Thank you, Jose. Thank you all for joining our call. We will start on Page 11. Before we discuss the performance of Investment Banking, just as a backdrop and to put things in context. As Roberto described, we will show results both in terms of growth and in terms of performance that are very good, outstanding throughout all our business areas.
So growth and performance in the present quarter have been very well distributed amongst all our businesses, and this is what I expect we can see from the discussion on the next pages. So on Page 11, Investment Banking had our we had our 2nd best quarter in Investment Banking in the Q1 of 2021, only second to the Q4 of 2020. And as you can see on the graph in the middle, we have reached probably a new plateau fair to say, a new plateau of revenues and capacity to generate earnings in Investment Banking. We are taking advantage of the strong activity in capital markets in Brazil. About 95% of the revenues in the Q1 came from deals executed in Brazil, half of which about half of which ECM and the other half DCM deals.
Despite a large number of M and A transactions in execution and many of them even closed during the Q1, we only have captured fees from 3 M and As in the Q1. So that's a business line inside Investment Banking, which we expect can contribute more with revenues throughout the year.
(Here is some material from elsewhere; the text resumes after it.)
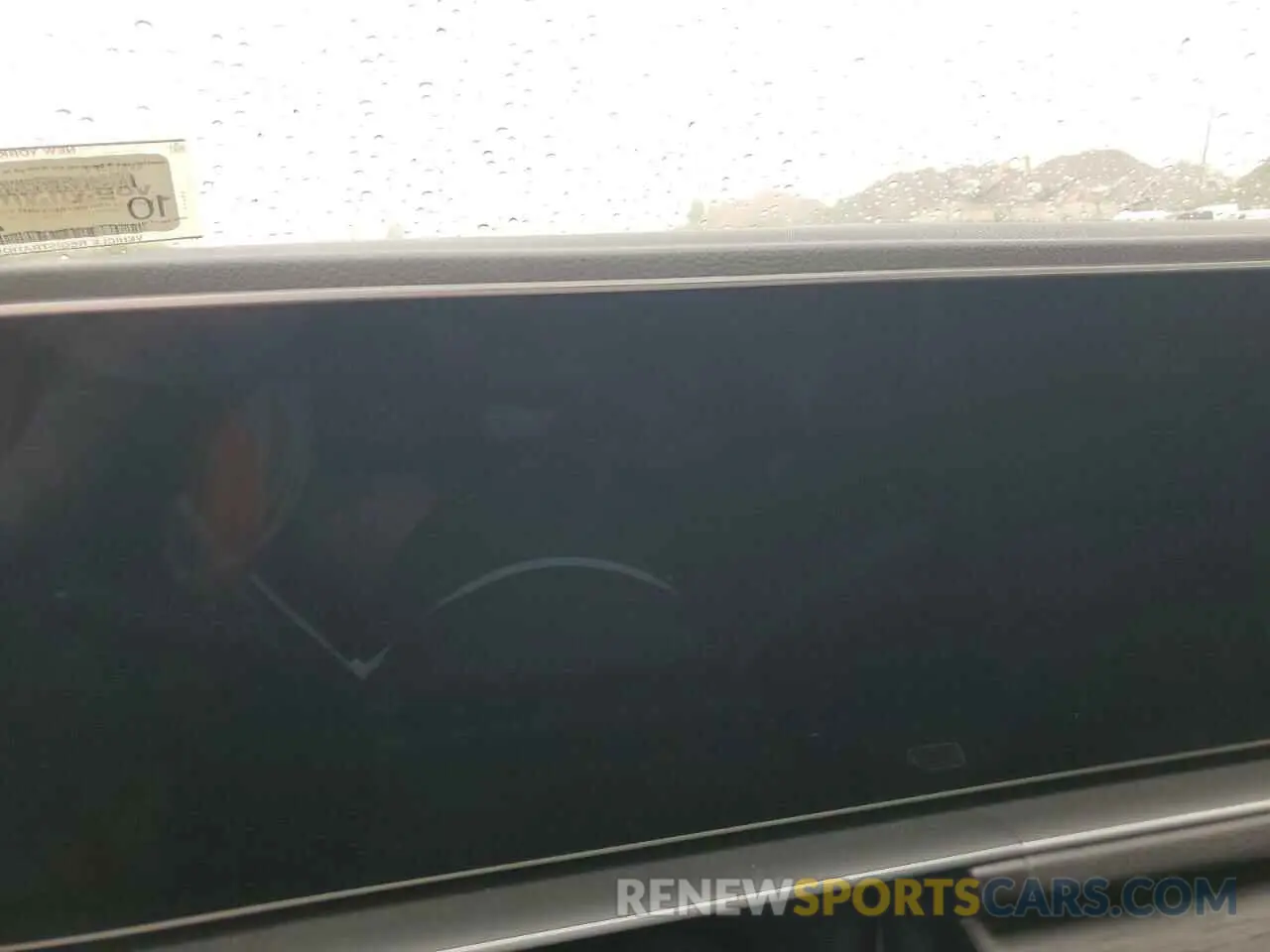 9 Photograph of a damaged car 4JGFB4KB3LA081175 MERCEDES-BENZ GLE-CLASS 2020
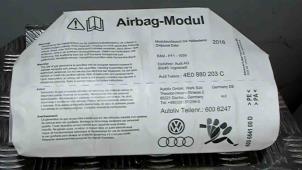 Gebruikte Airbag rechts (Dashboard) Audi A8 (D3) 4.2 V8 40V Quattro Prijs € 49,00 Margeregeling aangeboden door Automaterialen Ronald Morien B.V.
We continue to be number 1 in the ranking in M and A and in ECM in Brazil and LATAM. And so that makes for a very good performance of Investment Banking in the Q1. Turning to Page 12.
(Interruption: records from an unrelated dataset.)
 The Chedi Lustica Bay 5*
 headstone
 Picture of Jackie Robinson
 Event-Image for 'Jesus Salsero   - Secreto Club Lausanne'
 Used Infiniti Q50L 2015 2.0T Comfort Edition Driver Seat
Here we see our corporate lending and SME business. Our lending portfolio continues to grow. We have expanded our lending portfolio 9% quarter on quarter and 69% year on year with solid quality and stable spreads. So as you see on the graph in the right part of the page, corporate lending portfolio went from R47.7 billion dollars to R80.4 billion dollars in the 12 month period. That's a 57% growth just in corporate lending.
And if you look at the SME portfolio, it has grown in the same period 3.2 times. Our corporate lending portfolio also in the quarter was registered an expansion of the average standard. So while during the second and third quarter of 2020, we saw a compression on average standard because companies were taking credit from us looking at the shorter term horizon. Now they are back taking credit for thinking for the longer term horizon, which means that the risk appetite or the investor confidence or entrepreneurial confidence is growing in the country as we speak. For the SME portfolio, I think the highlight is not only the growth, the 3.2x expansion of the portfolio, but also the fact that we already have more than BRL 1,000,000,000 of credit card receivables inside the book.
The book is still composed of only 2 products. One is the supplier financing, which we started first and now we start to have credit card receivables as a part of the SME lending portfolio, which we expect also as a category to grow. Looking at the revenues, we had a reduction of BRL 41 1,000,000 comparing Q4 with the Q1 of 2021. That reduction is only explained by the special situations revenue contribution. Even though we had a strong contribution from Special Situations in the Q1 of this year, in the Q4 of 20 20, special situations had probably its best quarter ever.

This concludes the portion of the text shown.